• **TASK ITEM**
Each record is to be copied exactly as written.

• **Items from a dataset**
=====

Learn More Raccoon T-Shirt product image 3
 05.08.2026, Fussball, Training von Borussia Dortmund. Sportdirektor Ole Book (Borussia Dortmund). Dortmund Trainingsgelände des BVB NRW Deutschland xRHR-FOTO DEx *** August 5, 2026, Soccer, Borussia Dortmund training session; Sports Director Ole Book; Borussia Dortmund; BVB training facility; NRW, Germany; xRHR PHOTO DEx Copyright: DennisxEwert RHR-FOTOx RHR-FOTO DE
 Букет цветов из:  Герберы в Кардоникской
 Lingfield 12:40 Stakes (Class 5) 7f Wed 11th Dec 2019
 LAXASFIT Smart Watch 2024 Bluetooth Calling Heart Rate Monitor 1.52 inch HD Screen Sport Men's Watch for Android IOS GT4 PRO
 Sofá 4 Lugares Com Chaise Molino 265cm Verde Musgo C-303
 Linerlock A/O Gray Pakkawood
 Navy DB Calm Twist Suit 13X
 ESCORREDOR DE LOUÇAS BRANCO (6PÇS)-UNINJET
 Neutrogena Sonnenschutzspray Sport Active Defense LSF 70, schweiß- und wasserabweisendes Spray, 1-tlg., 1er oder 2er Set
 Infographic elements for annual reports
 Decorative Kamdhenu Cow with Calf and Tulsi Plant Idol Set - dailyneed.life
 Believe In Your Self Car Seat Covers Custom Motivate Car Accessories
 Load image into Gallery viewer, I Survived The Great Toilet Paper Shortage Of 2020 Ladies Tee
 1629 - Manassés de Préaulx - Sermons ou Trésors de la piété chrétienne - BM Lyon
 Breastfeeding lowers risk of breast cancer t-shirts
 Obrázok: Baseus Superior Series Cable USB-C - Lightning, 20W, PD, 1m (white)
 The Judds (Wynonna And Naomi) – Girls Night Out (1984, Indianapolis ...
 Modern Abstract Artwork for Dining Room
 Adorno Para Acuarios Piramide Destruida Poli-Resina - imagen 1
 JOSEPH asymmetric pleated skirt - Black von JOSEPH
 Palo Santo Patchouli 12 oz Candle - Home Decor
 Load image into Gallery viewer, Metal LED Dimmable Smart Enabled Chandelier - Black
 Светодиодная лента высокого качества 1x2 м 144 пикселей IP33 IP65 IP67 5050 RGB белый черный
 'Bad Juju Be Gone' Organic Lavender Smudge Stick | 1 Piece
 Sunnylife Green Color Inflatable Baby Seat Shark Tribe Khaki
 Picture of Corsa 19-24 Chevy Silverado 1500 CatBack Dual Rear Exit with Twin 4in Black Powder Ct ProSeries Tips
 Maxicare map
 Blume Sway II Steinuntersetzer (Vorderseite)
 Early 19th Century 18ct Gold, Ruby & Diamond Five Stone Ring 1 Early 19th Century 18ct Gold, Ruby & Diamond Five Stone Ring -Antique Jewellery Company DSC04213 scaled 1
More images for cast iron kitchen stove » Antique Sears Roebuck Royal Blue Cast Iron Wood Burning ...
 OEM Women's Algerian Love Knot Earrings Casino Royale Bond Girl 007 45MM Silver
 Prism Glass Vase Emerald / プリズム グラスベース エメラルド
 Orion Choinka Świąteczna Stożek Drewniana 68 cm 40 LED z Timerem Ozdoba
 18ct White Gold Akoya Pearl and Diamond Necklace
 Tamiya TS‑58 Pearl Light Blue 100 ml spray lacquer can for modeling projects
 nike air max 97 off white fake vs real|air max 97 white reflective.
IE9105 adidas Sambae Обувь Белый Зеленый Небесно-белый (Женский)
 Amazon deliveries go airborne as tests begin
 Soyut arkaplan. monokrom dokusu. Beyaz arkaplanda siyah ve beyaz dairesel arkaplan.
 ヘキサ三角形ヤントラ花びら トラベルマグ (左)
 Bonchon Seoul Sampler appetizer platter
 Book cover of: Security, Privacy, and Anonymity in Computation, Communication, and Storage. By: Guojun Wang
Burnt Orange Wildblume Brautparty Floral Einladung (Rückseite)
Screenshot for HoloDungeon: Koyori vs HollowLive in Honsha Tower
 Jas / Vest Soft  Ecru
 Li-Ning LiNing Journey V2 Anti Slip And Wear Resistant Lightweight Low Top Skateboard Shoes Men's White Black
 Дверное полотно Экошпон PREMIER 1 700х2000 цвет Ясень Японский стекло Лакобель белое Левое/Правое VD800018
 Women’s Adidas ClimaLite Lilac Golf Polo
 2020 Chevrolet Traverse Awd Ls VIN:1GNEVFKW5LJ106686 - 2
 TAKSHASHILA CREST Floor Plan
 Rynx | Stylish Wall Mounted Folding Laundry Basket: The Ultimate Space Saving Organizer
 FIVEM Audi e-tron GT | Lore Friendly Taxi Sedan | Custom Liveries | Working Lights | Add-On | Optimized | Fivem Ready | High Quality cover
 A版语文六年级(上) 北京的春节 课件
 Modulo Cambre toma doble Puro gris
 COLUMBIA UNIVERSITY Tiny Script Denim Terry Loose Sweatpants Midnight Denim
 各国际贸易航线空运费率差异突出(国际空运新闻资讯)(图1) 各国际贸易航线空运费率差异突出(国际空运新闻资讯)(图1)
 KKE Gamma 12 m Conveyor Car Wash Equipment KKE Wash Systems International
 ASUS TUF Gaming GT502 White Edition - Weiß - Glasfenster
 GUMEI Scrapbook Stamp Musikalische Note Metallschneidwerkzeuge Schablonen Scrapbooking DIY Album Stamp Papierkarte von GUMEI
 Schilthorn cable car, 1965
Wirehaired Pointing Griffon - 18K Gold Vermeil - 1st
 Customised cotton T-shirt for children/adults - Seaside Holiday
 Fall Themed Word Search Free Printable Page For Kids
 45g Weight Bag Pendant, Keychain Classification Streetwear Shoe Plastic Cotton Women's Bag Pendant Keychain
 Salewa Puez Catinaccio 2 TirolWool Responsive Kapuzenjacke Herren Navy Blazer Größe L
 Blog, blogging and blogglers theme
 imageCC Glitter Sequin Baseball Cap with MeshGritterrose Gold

=====

• **REPLY TO THE TASK**
Learn More Raccoon T-Shirt product image 3
 05.08.2026, Fussball, Training von Borussia Dortmund. Sportdirektor Ole Book (Borussia Dortmund). Dortmund Trainingsgelände des BVB NRW Deutschland xRHR-FOTO DEx *** August 5, 2026, Soccer, Borussia Dortmund training session; Sports Director Ole Book; Borussia Dortmund; BVB training facility; NRW, Germany; xRHR PHOTO DEx Copyright: DennisxEwert RHR-FOTOx RHR-FOTO DE
 Букет цветов из:  Герберы в Кардоникской
 Lingfield 12:40 Stakes (Class 5) 7f Wed 11th Dec 2019
 LAXASFIT Smart Watch 2024 Bluetooth Calling Heart Rate Monitor 1.52 inch HD Screen Sport Men's Watch for Android IOS GT4 PRO
 Sofá 4 Lugares Com Chaise Molino 265cm Verde Musgo C-303
 Linerlock A/O Gray Pakkawood
 Navy DB Calm Twist Suit 13X
 ESCORREDOR DE LOUÇAS BRANCO (6PÇS)-UNINJET
 Neutrogena Sonnenschutzspray Sport Active Defense LSF 70, schweiß- und wasserabweisendes Spray, 1-tlg., 1er oder 2er Set
 Infographic elements for annual reports
 Decorative Kamdhenu Cow with Calf and Tulsi Plant Idol Set - dailyneed.life
 Believe In Your Self Car Seat Covers Custom Motivate Car Accessories
 Load image into Gallery viewer, I Survived The Great Toilet Paper Shortage Of 2020 Ladies Tee
 1629 - Manassés de Préaulx - Sermons ou Trésors de la piété chrétienne - BM Lyon
 Breastfeeding lowers risk of breast cancer t-shirts
 Obrázok: Baseus Superior Series Cable USB-C - Lightning, 20W, PD, 1m (white)
 The Judds (Wynonna And Naomi) – Girls Night Out (1984, Indianapolis ...
 Modern Abstract Artwork for Dining Room
 Adorno Para Acuarios Piramide Destruida Poli-Resina - imagen 1
 JOSEPH asymmetric pleated skirt - Black von JOSEPH
 Palo Santo Patchouli 12 oz Candle - Home Decor
 Load image into Gallery viewer, Metal LED Dimmable Smart Enabled Chandelier - Black
 Светодиодная лента высокого качества 1x2 м 144 пикселей IP33 IP65 IP67 5050 RGB белый черный
 'Bad Juju Be Gone' Organic Lavender Smudge Stick | 1 Piece
 Sunnylife Green Color Inflatable Baby Seat Shark Tribe Khaki
 Picture of Corsa 19-24 Chevy Silverado 1500 CatBack Dual Rear Exit with Twin 4in Black Powder Ct ProSeries Tips
 Maxicare map
 Blume Sway II Steinuntersetzer (Vorderseite)
 Early 19th Century 18ct Gold, Ruby & Diamond Five Stone Ring 1 Early 19th Century 18ct Gold, Ruby & Diamond Five Stone Ring -Antique Jewellery Company DSC04213 scaled 1
More images for cast iron kitchen stove » Antique Sears Roebuck Royal Blue Cast Iron Wood Burning ...
 OEM Women's Algerian Love Knot Earrings Casino Royale Bond Girl 007 45MM Silver
 Prism Glass Vase Emerald / プリズム グラスベース エメラルド
 Orion Choinka Świąteczna Stożek Drewniana 68 cm 40 LED z Timerem Ozdoba
 18ct White Gold Akoya Pearl and Diamond Necklace
 Tamiya TS‑58 Pearl Light Blue 100 ml spray lacquer can for modeling projects
 nike air max 97 off white fake vs real|air max 97 white reflective.
IE9105 adidas Sambae Обувь Белый Зеленый Небесно-белый (Женский)
 Amazon deliveries go airborne as tests begin
 Soyut arkaplan. monokrom dokusu. Beyaz arkaplanda siyah ve beyaz dairesel arkaplan.
 ヘキサ三角形ヤントラ花びら トラベルマグ (左)
 Bonchon Seoul Sampler appetizer platter
 Book cover of: Security, Privacy, and Anonymity in Computation, Communication, and Storage. By: Guojun Wang
Burnt Orange Wildblume Brautparty Floral Einladung (Rückseite)
Screenshot for HoloDungeon: Koyori vs HollowLive in Honsha Tower
 Jas / Vest Soft  Ecru
 Li-Ning LiNing Journey V2 Anti Slip And Wear Resistant Lightweight Low Top Skateboard Shoes Men's White Black
 Дверное полотно Экошпон PREMIER 1 700х2000 цвет Ясень Японский стекло Лакобель белое Левое/Правое VD800018
 Women’s Adidas ClimaLite Lilac Golf Polo
 2020 Chevrolet Traverse Awd Ls VIN:1GNEVFKW5LJ106686 - 2
 TAKSHASHILA CREST Floor Plan
 Rynx | Stylish Wall Mounted Folding Laundry Basket: The Ultimate Space Saving Organizer
 FIVEM Audi e-tron GT | Lore Friendly Taxi Sedan | Custom Liveries | Working Lights | Add-On | Optimized | Fivem Ready | High Quality cover
 A版语文六年级(上) 北京的春节 课件
 Modulo Cambre toma doble Puro gris
 COLUMBIA UNIVERSITY Tiny Script Denim Terry Loose Sweatpants Midnight Denim
 各国际贸易航线空运费率差异突出(国际空运新闻资讯)(图1) 各国际贸易航线空运费率差异突出(国际空运新闻资讯)(图1)
 KKE Gamma 12 m Conveyor Car Wash Equipment KKE Wash Systems International
 ASUS TUF Gaming GT502 White Edition - Weiß - Glasfenster
 GUMEI Scrapbook Stamp Musikalische Note Metallschneidwerkzeuge Schablonen Scrapbooking DIY Album Stamp Papierkarte von GUMEI
 Schilthorn cable car, 1965
Wirehaired Pointing Griffon - 18K Gold Vermeil - 1st
 Customised cotton T-shirt for children/adults - Seaside Holiday
 Fall Themed Word Search Free Printable Page For Kids
 45g Weight Bag Pendant, Keychain Classification Streetwear Shoe Plastic Cotton Women's Bag Pendant Keychain
 Salewa Puez Catinaccio 2 TirolWool Responsive Kapuzenjacke Herren Navy Blazer Größe L
 Blog, blogging and blogglers theme
 imageCC Glitter Sequin Baseball Cap with MeshGritterrose Gold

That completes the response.